A significant difference with sustainability is that the nature of the information it needs to work with is still an emerging factor. With something as obvious as CO2 production, different businesses or processes within an organization could use various: units to record that data; ways of describing how that data was recorded and with what level of confidence; definitions for what constitutes direct or indirect emissions; and field names and file formats for storing and sharing that data in. All of this makes a broad, accurate view of a given organization’s footprint very difficult to attain, and the problem is multiplied when we add other greenhouse gases like CH4 and
NO2 alongside impacts like water and land consumption. The role of the Open Footprint Forum, a forum of The Open Group, is solving this challenge, making a holistic, Enterprise Architecturebased approach to sustainability possible. The prospect of gathering emissions data for scopes 1, 2, and 3 reporting is daunting in the context of typical value chains found in businesses, and the outputs and standards coming from the forum will greatly ease these issues.
The Open Footprint Forum will allow organizations to move at speed to develop applications which make effective usage of their sustainability data through its reference architecture and help to deliver interoperability across the emissions ecosystem.
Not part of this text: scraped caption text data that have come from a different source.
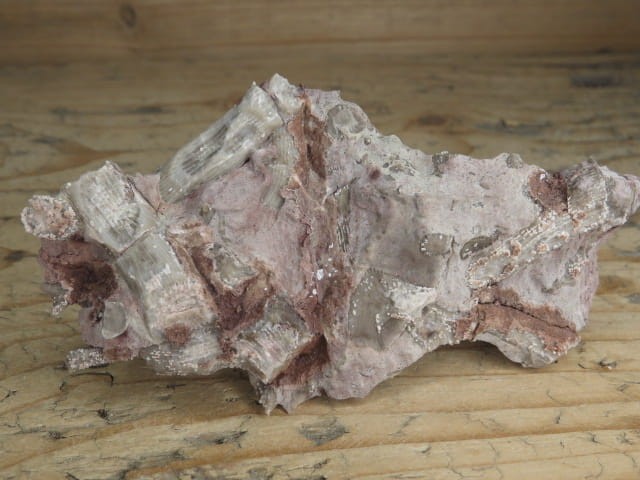 Rugosa sp. - koralowce * Kowala Polska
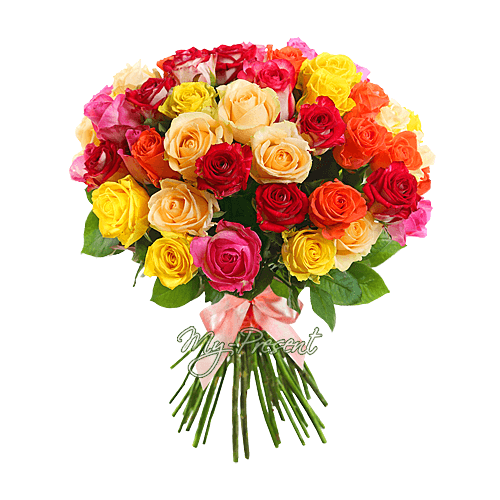 Ramo de rosas multicolores (70-80 cm.)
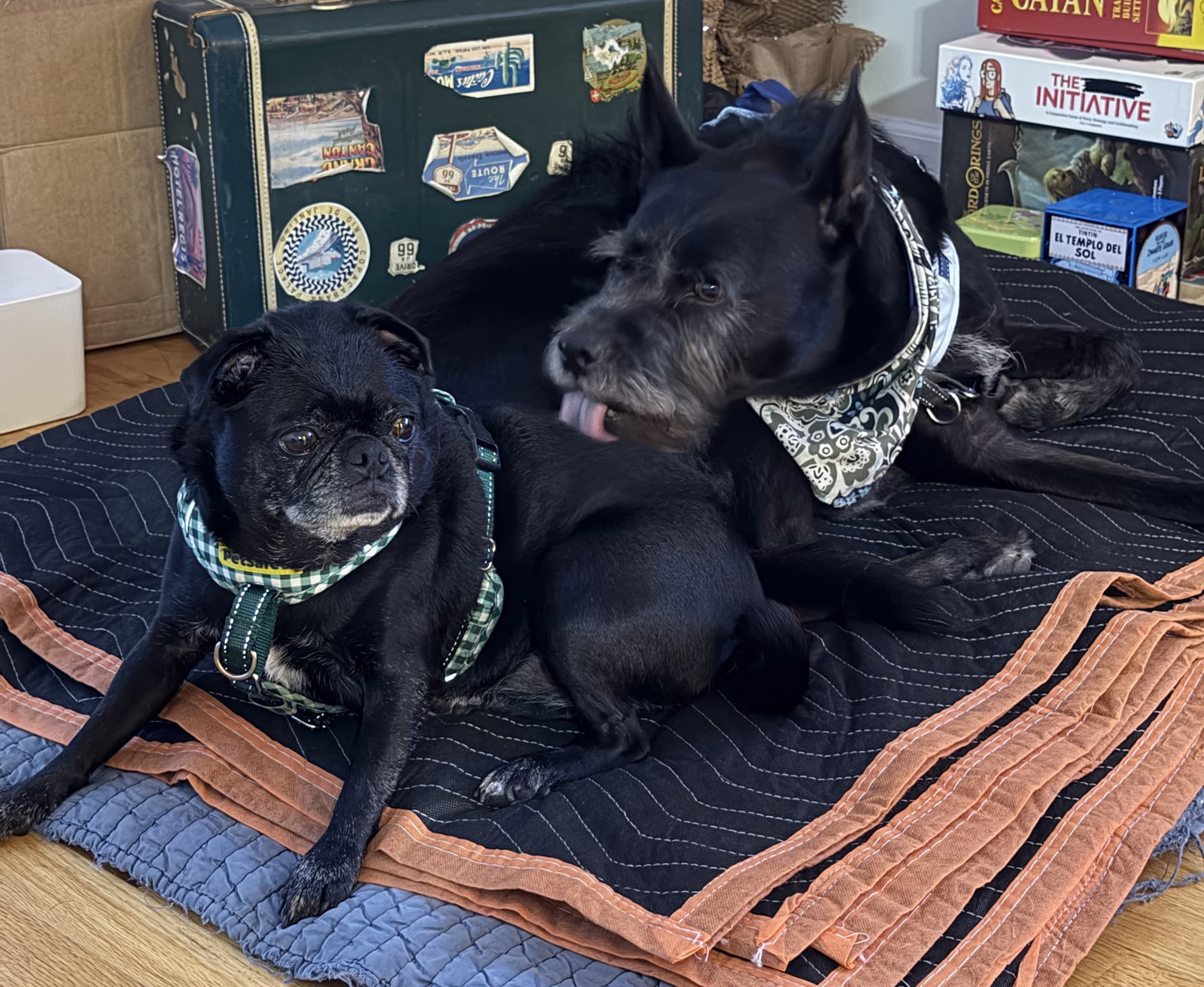 Alamo and Margo, photo 2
The Forum, comprising a range of corporate and academic contributors, is developing a set of standards which is usable across all industries, with unified data and metadata definitions as well as open source data tools and reference APIs to ensure a common approach to working with those definitions.
Ea At The Center
One thing we know, from years of incubating standards development processes, is that cultural norms and usage is just as important as technical design when it comes to effectiveness.
We found recently in hosting business scenario sessions in Edinburgh and São Paulo that issues around operating models, such as supply chain integration and stakeholder incentivization, are just as important of a concern as data issues like validating and exchanging information.
We learnt here that as we progress towards a standard for sustainability data that every industry can hold in common, we will need to increase our understanding of the organizational complexities around using it. It is now the prime opportunity for Enterprise Architecture to start building and sharing the systems and processes which can put sustainability right at the center of effective decision making.